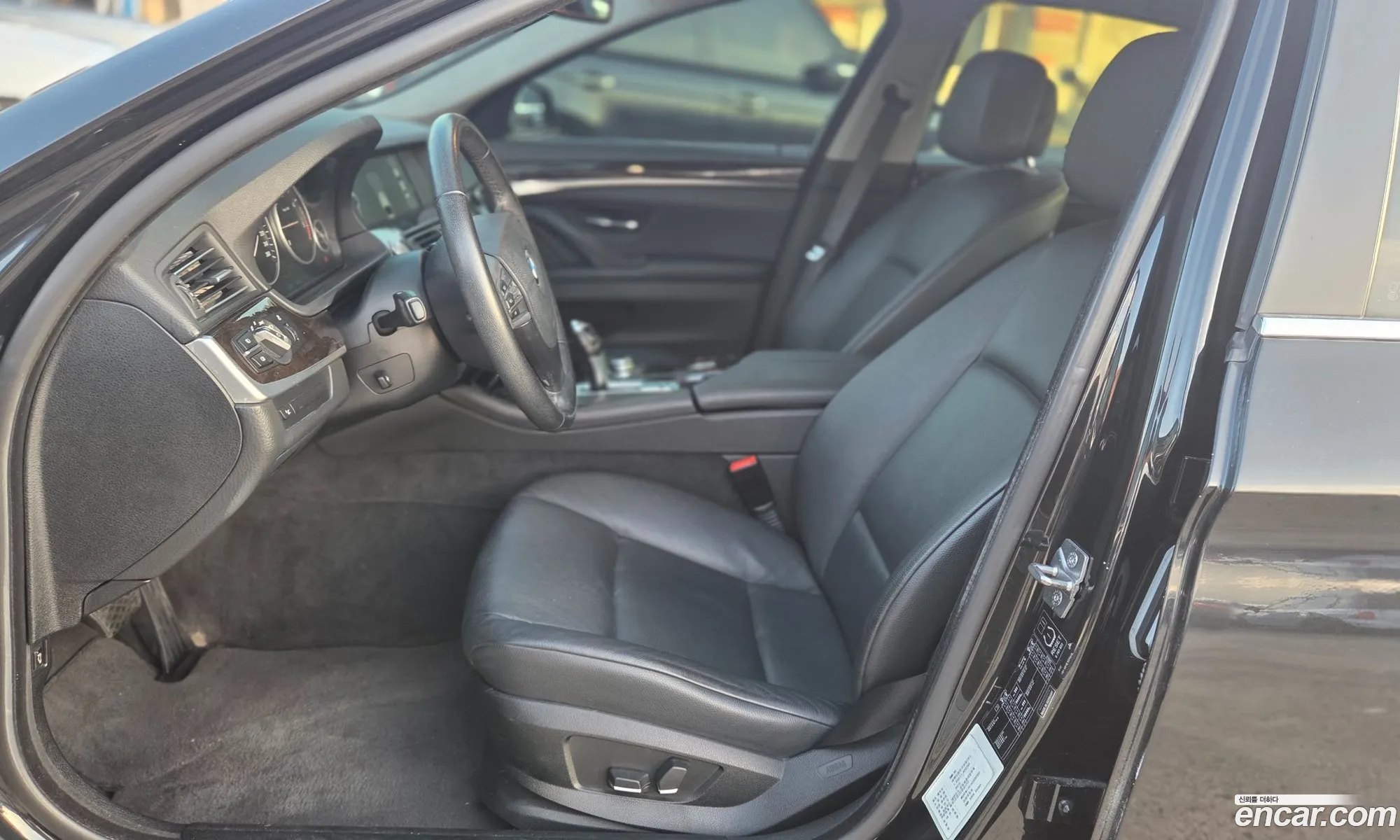 BMW 5 Series 2010 — 13
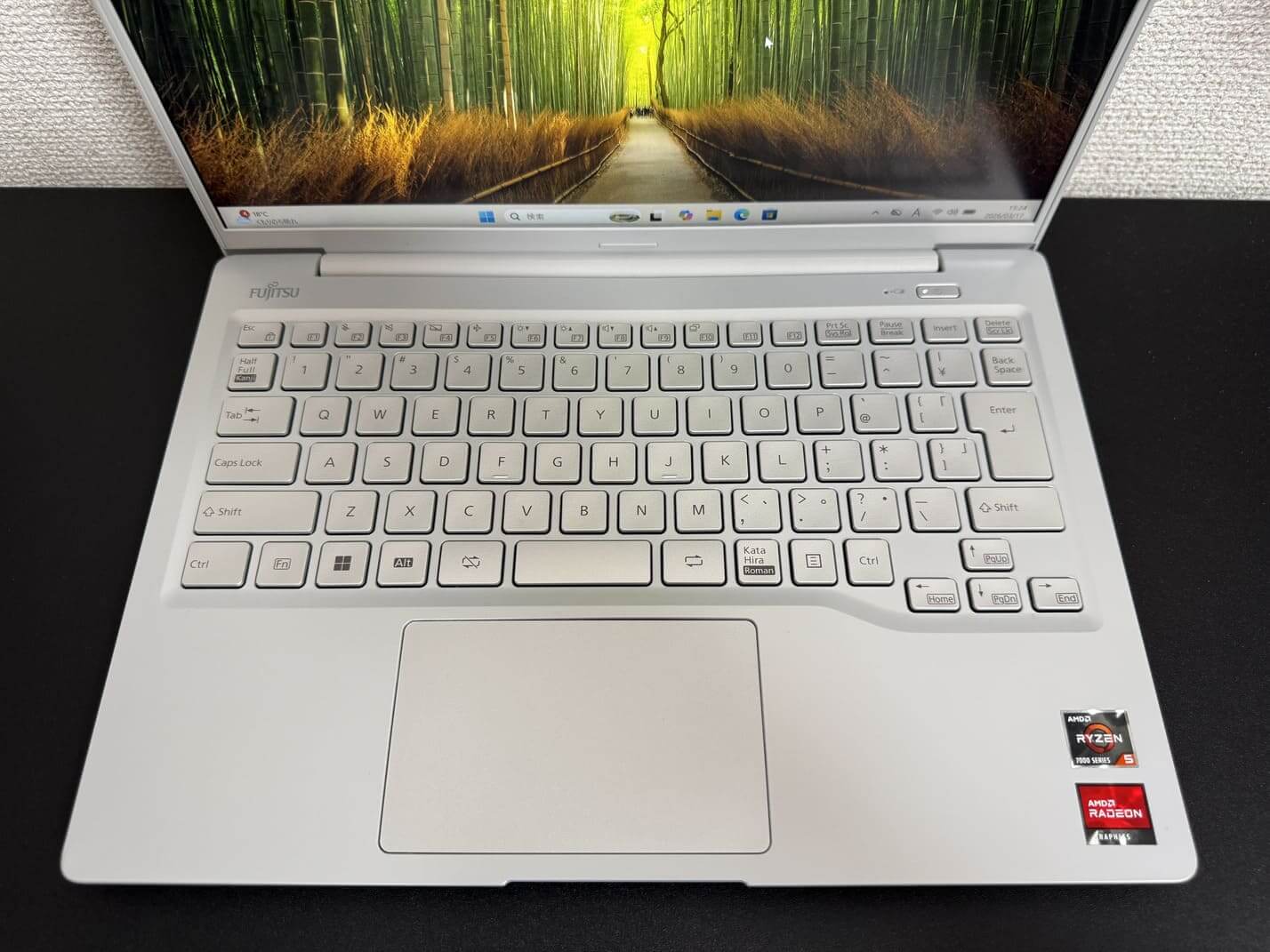 FUJITSU LIFEBOOK MH55/J1 の日本語（JIS）キーボードとタッチパッドのアップ（AMD Ryzen 5 7000シリーズ搭載）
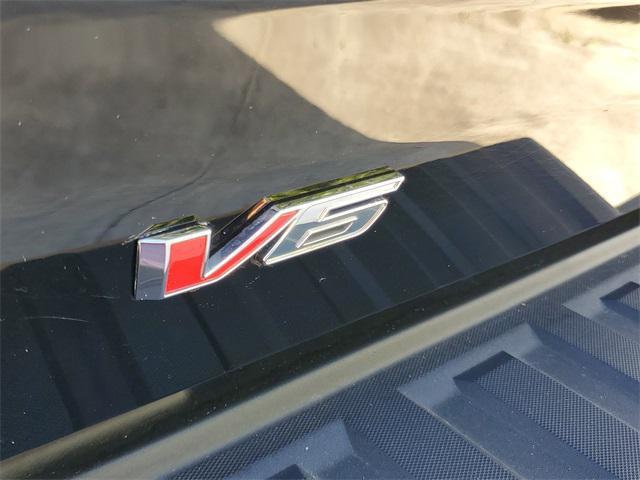 used 2022 GMC Canyon car, priced at $25,995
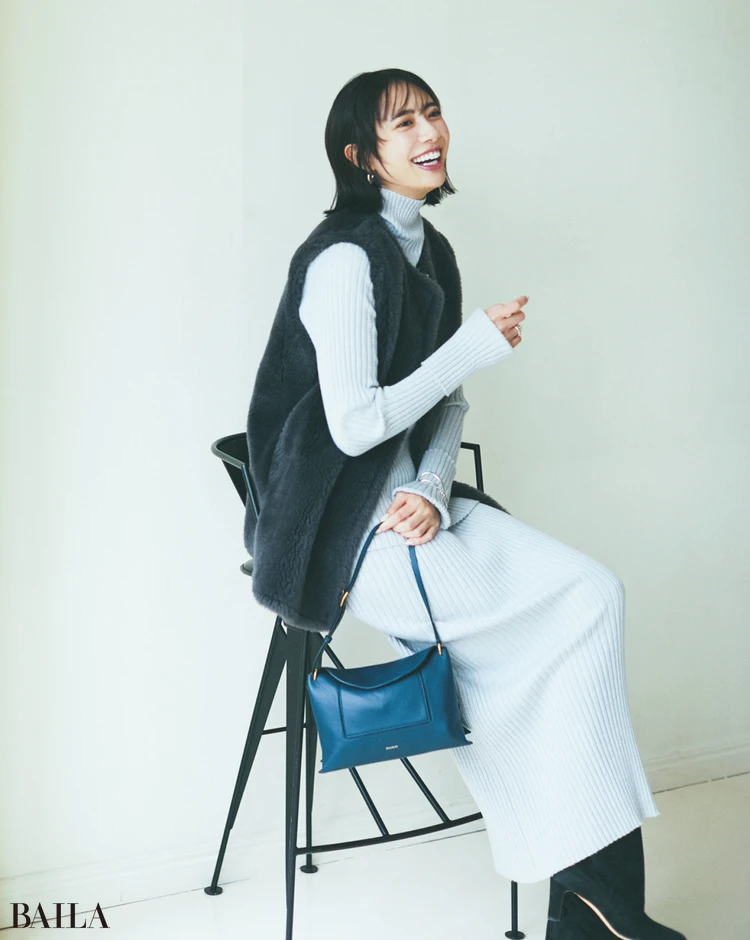 ボアジレをさらりと重ねて気負わないニットに特別感を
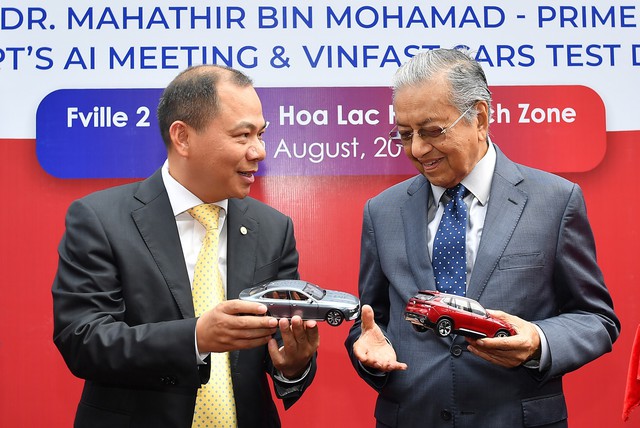 Toàn cảnh màn lái thử xe Vinfast với vận tốc 100 km/h của Thủ tướng 94 tuổi Mahathir Mohamad - Ảnh 10.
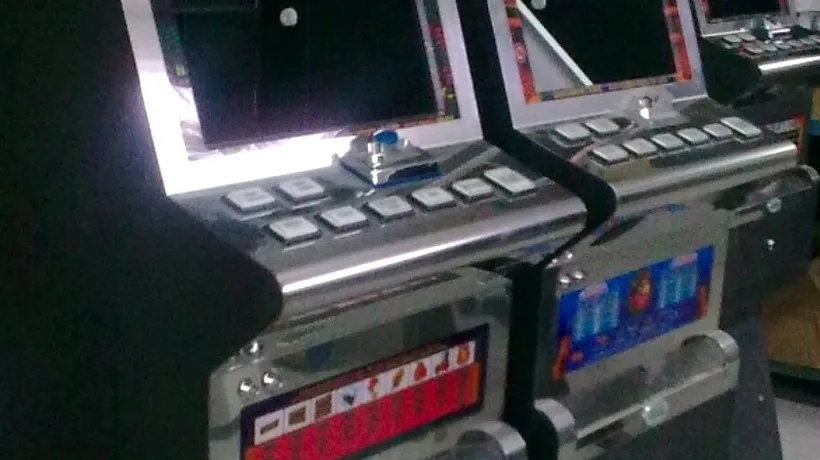 Un sucevean a distrus un aparat de jocuri de noroc ca să-și recupereze banii pierduți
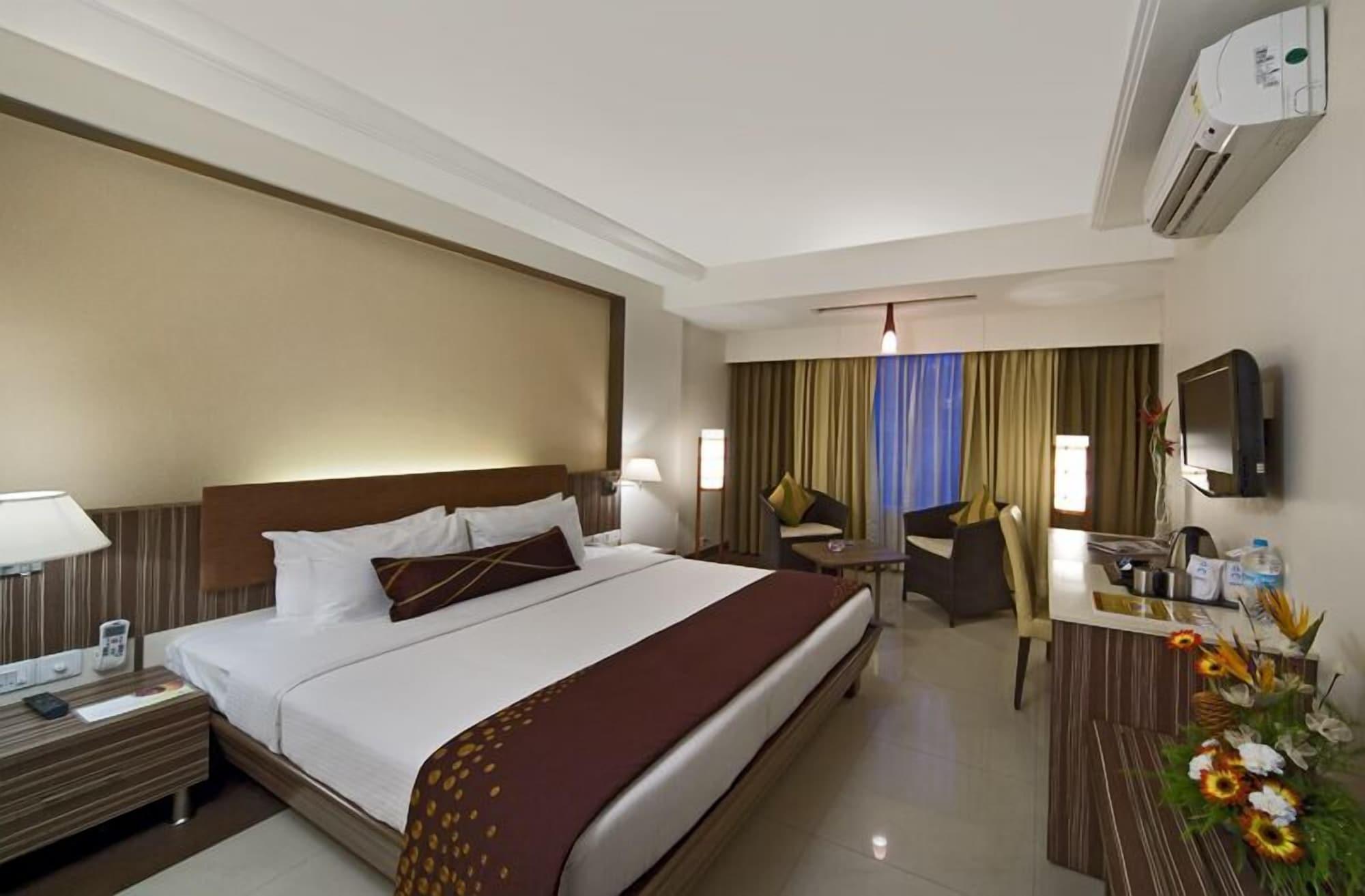 Kapila Business Hotel Pune Eksteriør billede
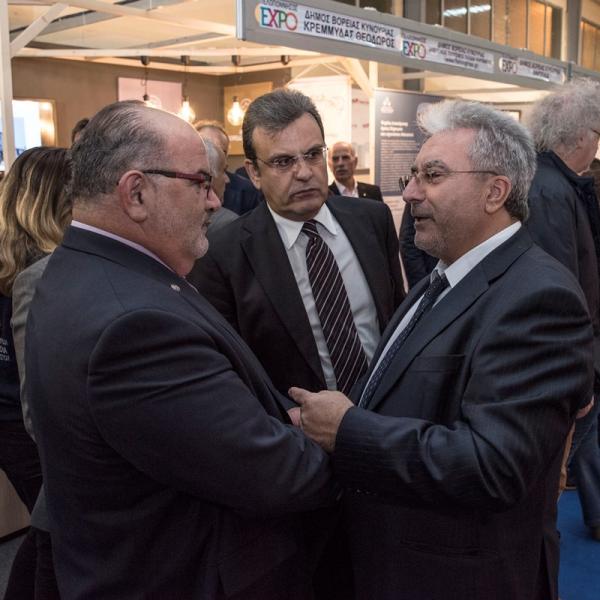 Με τον Φώτη Δαμούλο, Πρόεδρο του Επιμελητηρίου Αργολίδας και τον Θανάση Καββαθά, Πρόεδρο της ΓΣΕΒΕΕ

--- INSTRUCTIONS TO FOLLOW ---
No pictures belong in the copy. Return exactly the lines from the line containing "Kapila Business Hotel Pune Eksteriør billede" through the last line of the listing.

--- RESULT ---
 Kapila Business Hotel Pune Eksteriør billede
 Με τον Φώτη Δαμούλο, Πρόεδρο του Επιμελητηρίου Αργολίδας και τον Θανάση Καββαθά, Πρόεδρο της ΓΣΕΒΕΕ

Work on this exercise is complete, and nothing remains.